[nycphp-talk] capricious submission of forms
Dan Cech
dcech at phpwerx.net
Tue Feb 13 13:37:26 EST 2007
Chris Shiflett wrote:
> Before anyone notes my hypocrisy, my blog requires people to indicate my
> first name in order to post a comment, and although I might adopt a
> better approach, at least this approach is accessible.
A simple, extensible and accessible continuation of this approach might
be implemented as follows:
Create a table with 4 columns:
challenge_id
questions
answer_match
times_used
This table would contain a list of questions, along with a preg_match
pattern for acceptable answers, and a count of how many times the
question has been used.
Select one of the x (a number greater than the maximum new challenges
added at any one time) least-used questions from the table at random and
present it to the user along with a text box for their answer.

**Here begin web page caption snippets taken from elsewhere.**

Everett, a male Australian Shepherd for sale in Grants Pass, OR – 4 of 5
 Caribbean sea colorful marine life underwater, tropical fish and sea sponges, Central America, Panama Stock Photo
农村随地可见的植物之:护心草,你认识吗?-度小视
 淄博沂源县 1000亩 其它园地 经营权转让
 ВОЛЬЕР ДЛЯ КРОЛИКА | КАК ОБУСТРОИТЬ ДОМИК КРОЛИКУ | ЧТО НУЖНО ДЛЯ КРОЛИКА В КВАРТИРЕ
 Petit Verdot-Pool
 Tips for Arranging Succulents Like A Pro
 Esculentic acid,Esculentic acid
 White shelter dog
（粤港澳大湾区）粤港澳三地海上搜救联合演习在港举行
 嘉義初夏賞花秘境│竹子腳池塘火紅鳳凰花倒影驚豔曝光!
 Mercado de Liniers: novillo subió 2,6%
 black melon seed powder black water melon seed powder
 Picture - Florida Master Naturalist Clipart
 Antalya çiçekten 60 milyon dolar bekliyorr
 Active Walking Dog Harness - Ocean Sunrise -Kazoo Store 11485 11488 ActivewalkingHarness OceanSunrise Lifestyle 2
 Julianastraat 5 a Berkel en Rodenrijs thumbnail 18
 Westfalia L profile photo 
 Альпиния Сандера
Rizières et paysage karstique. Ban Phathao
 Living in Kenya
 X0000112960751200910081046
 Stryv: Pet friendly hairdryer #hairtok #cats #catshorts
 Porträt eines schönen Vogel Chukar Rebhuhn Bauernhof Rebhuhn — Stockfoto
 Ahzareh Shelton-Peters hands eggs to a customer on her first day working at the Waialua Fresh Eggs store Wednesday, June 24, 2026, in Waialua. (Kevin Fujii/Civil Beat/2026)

Store
the challenge_id in the session.
When the form is submitted, check the answer against the regex and allow
or deny access as required.
Optionally, you could store the number of failed attempts and eliminate
questions which yield too many failures. This would automatically
remove questions that are either too difficult for the average user, or
are getting hammered by spammers.
In this way it would be trivial to add new or more difficult challenges,
and if someone is hammering on the form they will continually get new
questions from the pool.
I haven't needed to implement this myself, but it does seem like
question/answer based challenges are a good approach. This is mostly
because they don't suffer from the class breaks inherent in most
image-based captcha systems (once you crack the captcha algorithm you
can solve any captcha using that system), assuming you take the time to
add some questions which are unique to the individual instance of the
system. And of course, they are fully accessible.